Effectivement. Le Christ a besoin de notre humanité, de notre regard, de nos mains. Etty était habitée par la présence de Dieu. Présence qui ne la quittait pas. Elle demandait à Dieu que les gens du camp puissent accueillir cette présence en eux. Elle s’y employait.
Certains ne se prétendent plus chrétiens ?
« Ne jugez pas », dit Jésus. Et l’apôtre Paul nous invite à considérer les autres comme supérieurs à nous. J’ai appris à recevoir Jésus des malades, des prisonniers, des incroyants, des musulmans… Personne n’a la vérité. Cela nous rend humbles.
Pour nos petits-enfants, on voit que ce n’est pas par des grands discours qu’on va les amener à l’amour, mais plutôt par des actes, des attitudes.
Une vie animée par l’amour est source de fécondité. La façon dont on mène sa vie, en harmonie avec l’environnement, les engagements que nous prenons, la solidarité que nous pratiquons au quotidien… sont des signes qui ne laissent pas indifférents.
Qu’est-ce qui fait que l’Évangile, c’est quelque chose de plus que simplement une éthique de vie ? Que peut-on répondre à la question « Quel Évangile écrivons-nous ? » ?
N’est-ce pas préférable de se demander : « Qu’est-ce que l’Évangile fait de nous ? » « Sommes-nous devenus plus humains ? » Celui qui demeure en moi et en qui je demeure, celui-là, portera beaucoup de fruits, dit Jésus. Une femme demanda un jour au Dalaï-Lama : « Quelle est pour vous, la meilleure religion ? » Le chef religieux lui répondit : « Celle qui vous, rendra plus humaine. »
C’est quelquefois difficile à expliquer, car l’Évangile a été écrit il y a, deux mille ans, dans un contexte très différent de celui d’aujourd’hui. Un contexte rural, difficile à percevoir dans notre monde urbain.
L’Évangile se vit aujourd’hui, en pleine vie. Il est vécu par des enfants, des femmes, des hommes, de toutes conditions, de tous âges, dans le monde entier.
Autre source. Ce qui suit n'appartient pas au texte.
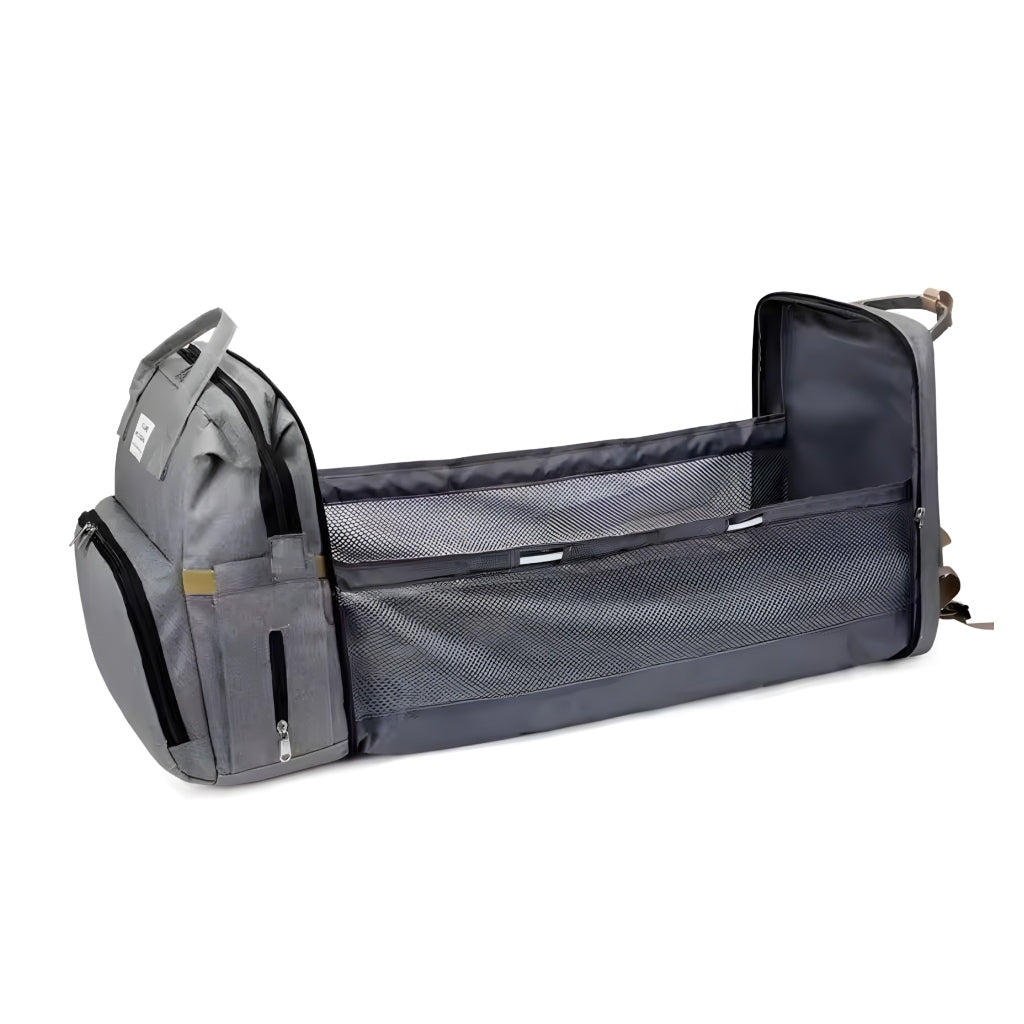 Miomu Bolso Pañalera Multiuso con Cambiador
Ils sont comme de petites lumières qui brillent dans la nuit.
Pourquoi les Évangiles conservent-ils leur force aujourd’hui ?
Les paroles de l’homme de Nazareth ont une puissance qui nous ébranle. L’homme qui est l’envoyé du Père prononce des paroles qui font corps avec ce qu’il vit et ce qu’il fait. Ce sont des paroles créatrices de vie, de sens, de pardon, d’ouverture. Aujourd’hui, des femmes et des hommes continuent de croire que Jésus est vivant de la vie de Dieu, qu’il est ressuscité.
Mais on ne sait pas très bien ce que veut dire le mot…
Dès maintenant nous sommes appelés à être des vivants avant la mort. Nous savons que nous sommes passés de la mort à la vie quand nous aimons nos frères, dit saint Jean. C’est l’amour qui gagne dans nos vies.
L’amour qui gagne, ce n’est pas une exclusivité des chrétiens, c’est quelque chose que d’autres peuvent exprimer et vivre…
Réjouissons-nous de voir que l’amour se répand, se communique partout comme un feu. Ce sont des petites lumières qui brillent dans la nuit.
Le rôle des Églises ne devrait-il pas être surtout d’accompagner celles et ceux qui cherchent ?
Le rôle de l‘Église est de se porter là où des enfants, des femmes et des hommes sont maltraités, délaissés, exclus. C’est le signe du Royaume de Dieu qui vient parmi nous. L’Église n’est jamais elle-même sans les pauvres.